Friday, April 30, 2010

Responsibilities

In response to the questions below:
Can you expand a little on this age of "entitlement" thing?   
Are all teens spoiled these days?

What are you teaching?
What is the example you set?
How do you show our young people and your children how to live and love and give?
How responsible are you for how you care for your loved ones, your finances, your job and your health?

Do you take for granted you will have a job?
Do you complain about having to work?
Do you handle your money carefully and with respect?
Do you buy what you need rather than what you want?
Do you eat the right foods and appreciate where and how they are grown?
Do you use fuel for car and home wisely?
Do you conserve water, electricity and earth resources you use?
Do you share what you have with others who have need?
Do you use your time wisely and spend it on what inspires and increases your wisdom and well-being?

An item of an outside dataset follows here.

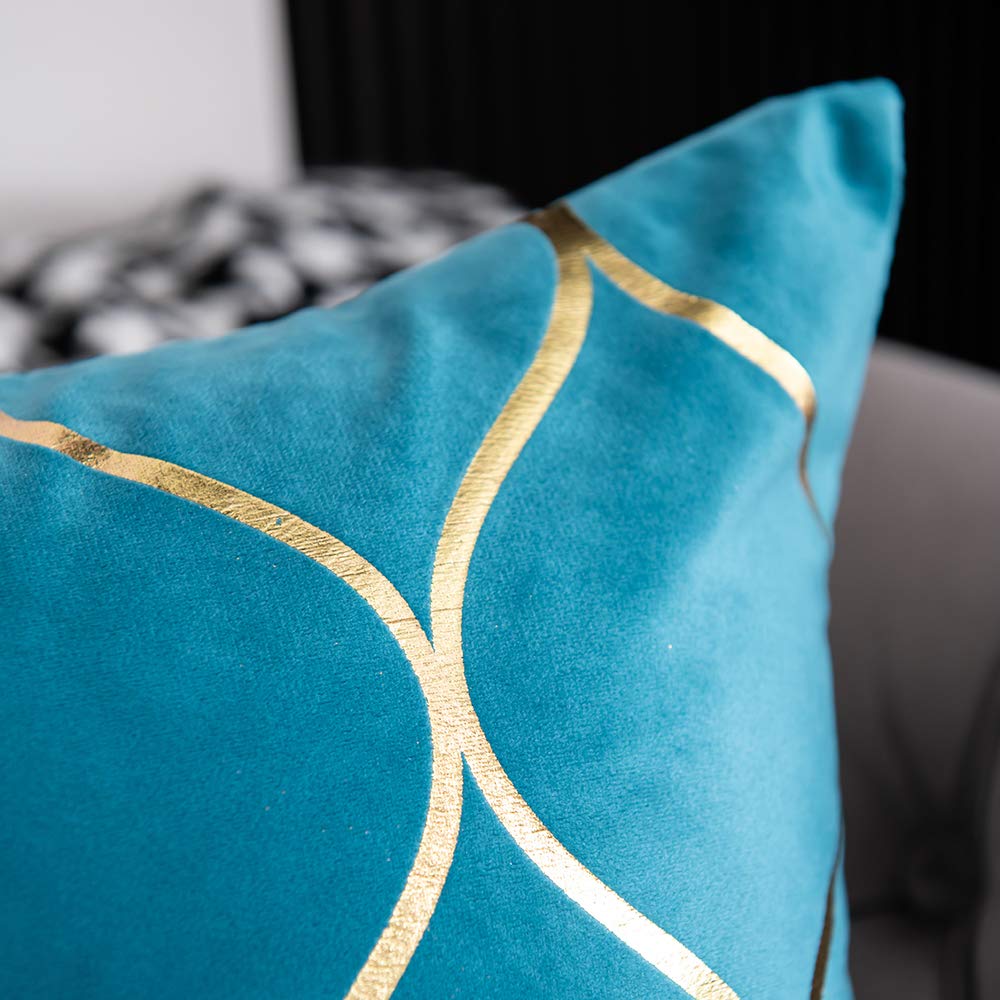DEZENE 20x20 Inch Gold Velvet Throw Pillow Covers: 2 Pack Square Decorative Pillow Cases for Bedroom Sofa Couch Living Room, Turquoise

In family systems our children and teens learn most fro how we live, not from what we say.
When we are modeling all these qualities we want for future generations, they admire and respect us.
When we are preaching, demanding and nagging for improvement, but do not improve ourselves, they do not respect, admire or believe us.

Children observe parents, teachers, employers to see how happy, healthy and successful they are.
In contrast, they observe how sports figures, politicians, music and movie stars live and what they say.
When we can be as happy and fulfilled as those who are glamorized, then we will be admired.
Are we genuinely happy and fulfilled?
Do we take good care of ourselves in obvious and subtle ways?
Are we loved and respected by others?
Do we share our happiness and our prosperity with others with gratitude and joy?


The age of entitlement comes from not seeing people work and enjoy working.
The feelings of getting what you want without giving much in return come from upbringing.
When parents work hard to “give their kids everything”, the children feel entitled to “everything”.
It is the adults (parents, teachers, employers) responsibility to expect and teach the benefits of work.

When our survival was our concern, we work to live.
When our pleasure is our concern, we work to fulfill our desires.
When our wealth is our concern, we focus on getting money.
When improving ourselves and serving humanity is our concern, we spend inner time healing, learning and growing.

We can refocus our children, our community, our workplace and our world, but changing our focus.
We can become responsible for making our bed and using our resources with respect and gratitude.
We can model effective living by letting go of laziness, lethargy, dependency and depression.
We can get up each day with an intention to live the best we know and improve as we grow.

Life is our choice.  How we use all we are given is our choice.
Expect nothing and give everything.
Honor yourself for being willing to DO THE WORK!